*** THE RECORDS ***
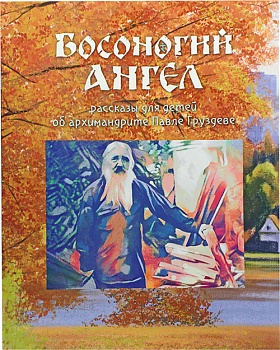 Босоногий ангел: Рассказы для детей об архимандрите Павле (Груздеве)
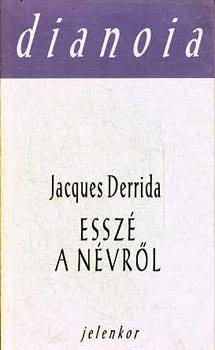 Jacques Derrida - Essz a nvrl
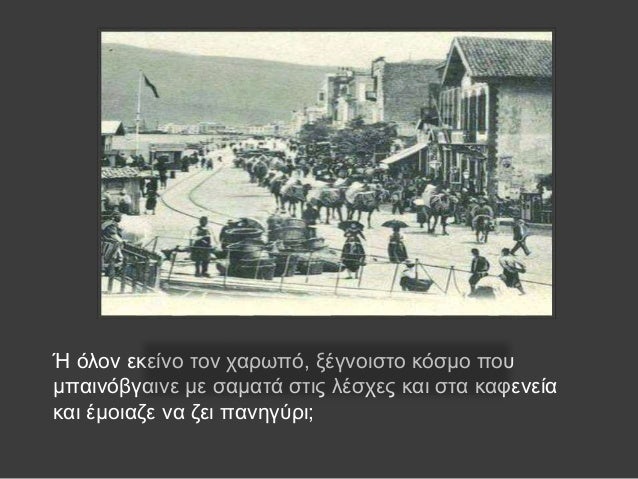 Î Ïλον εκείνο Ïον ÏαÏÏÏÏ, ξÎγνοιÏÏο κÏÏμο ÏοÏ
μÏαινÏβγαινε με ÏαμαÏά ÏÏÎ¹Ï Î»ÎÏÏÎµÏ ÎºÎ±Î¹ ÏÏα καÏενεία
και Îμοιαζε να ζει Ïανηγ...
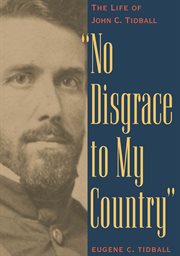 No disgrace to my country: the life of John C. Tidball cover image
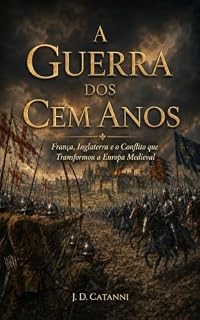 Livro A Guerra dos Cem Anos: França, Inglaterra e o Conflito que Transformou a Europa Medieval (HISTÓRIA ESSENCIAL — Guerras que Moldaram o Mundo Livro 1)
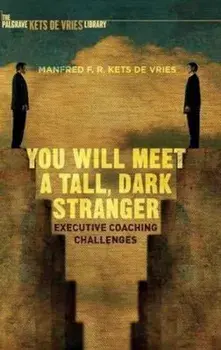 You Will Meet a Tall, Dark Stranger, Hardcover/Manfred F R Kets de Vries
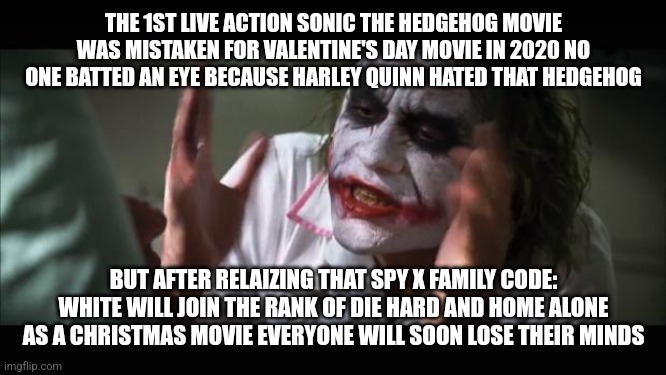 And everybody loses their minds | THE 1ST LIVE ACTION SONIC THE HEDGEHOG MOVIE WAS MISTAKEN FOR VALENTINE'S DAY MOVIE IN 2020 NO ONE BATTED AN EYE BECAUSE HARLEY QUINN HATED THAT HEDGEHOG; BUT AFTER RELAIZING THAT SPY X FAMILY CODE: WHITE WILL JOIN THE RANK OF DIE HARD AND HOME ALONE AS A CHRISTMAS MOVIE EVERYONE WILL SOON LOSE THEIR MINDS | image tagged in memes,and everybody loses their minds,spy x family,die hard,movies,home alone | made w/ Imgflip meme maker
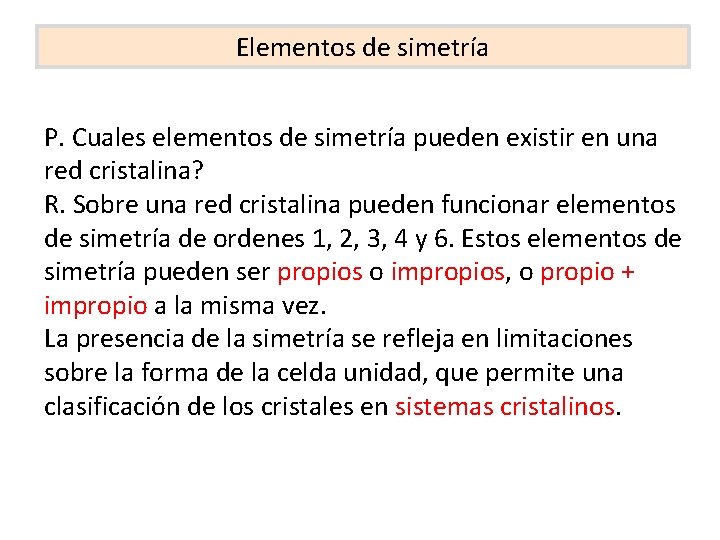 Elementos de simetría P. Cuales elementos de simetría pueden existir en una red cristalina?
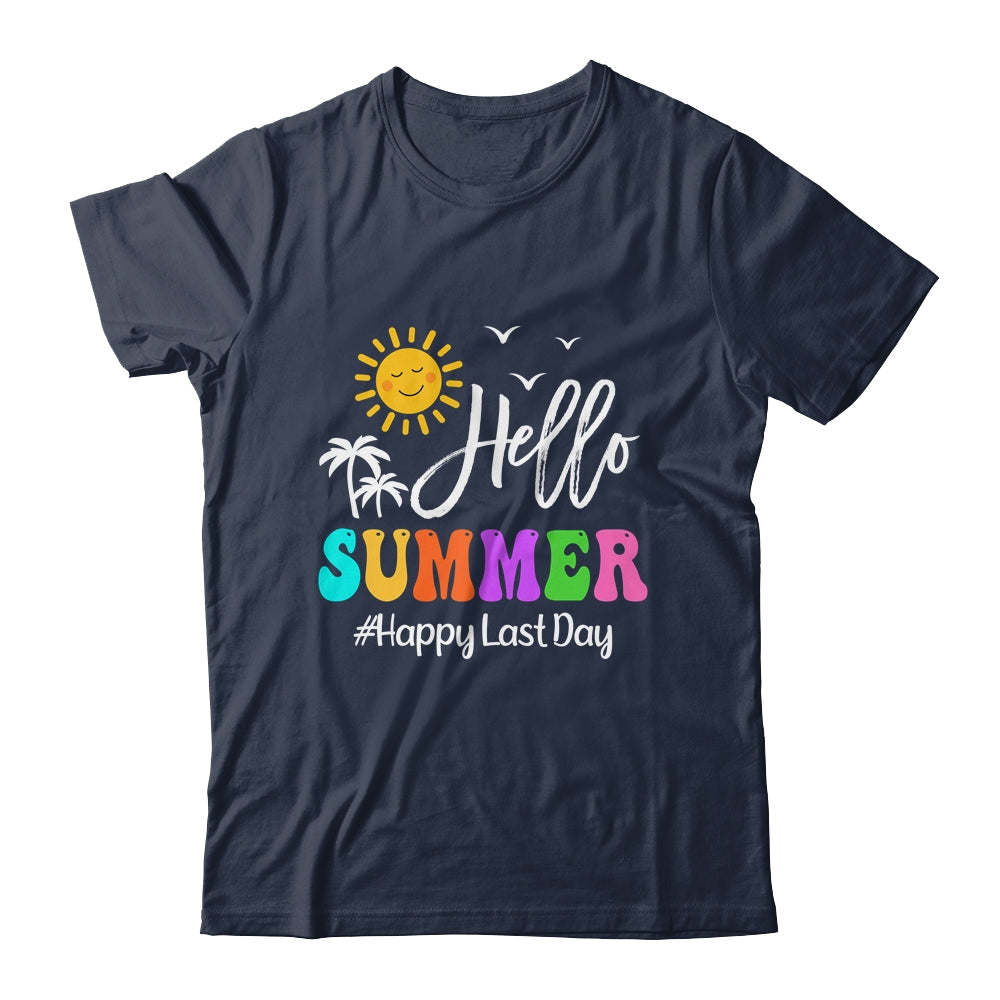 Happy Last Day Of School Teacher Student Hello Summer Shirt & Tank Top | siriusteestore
***
Print out the complete listing above exactly, dropping each image.

 Босоногий ангел: Рассказы для детей об архимандрите Павле (Груздеве)
 Jacques Derrida - Essz a nvrl
 Î Ïλον εκείνο Ïον ÏαÏÏÏÏ, ξÎγνοιÏÏο κÏÏμο ÏοÏ
μÏαινÏβγαινε με ÏαμαÏά ÏÏÎ¹Ï Î»ÎÏÏÎµÏ ÎºÎ±Î¹ ÏÏα καÏενεία
και Îμοιαζε να ζει Ïανηγ...
 No disgrace to my country: the life of John C. Tidball cover image
 Livro A Guerra dos Cem Anos: França, Inglaterra e o Conflito que Transformou a Europa Medieval (HISTÓRIA ESSENCIAL — Guerras que Moldaram o Mundo Livro 1)
 You Will Meet a Tall, Dark Stranger, Hardcover/Manfred F R Kets de Vries
 And everybody loses their minds | THE 1ST LIVE ACTION SONIC THE HEDGEHOG MOVIE WAS MISTAKEN FOR VALENTINE'S DAY MOVIE IN 2020 NO ONE BATTED AN EYE BECAUSE HARLEY QUINN HATED THAT HEDGEHOG; BUT AFTER RELAIZING THAT SPY X FAMILY CODE: WHITE WILL JOIN THE RANK OF DIE HARD AND HOME ALONE AS A CHRISTMAS MOVIE EVERYONE WILL SOON LOSE THEIR MINDS | image tagged in memes,and everybody loses their minds,spy x family,die hard,movies,home alone | made w/ Imgflip meme maker
 Elementos de simetría P. Cuales elementos de simetría pueden existir en una red cristalina?
 Happy Last Day Of School Teacher Student Hello Summer Shirt & Tank Top | siriusteestore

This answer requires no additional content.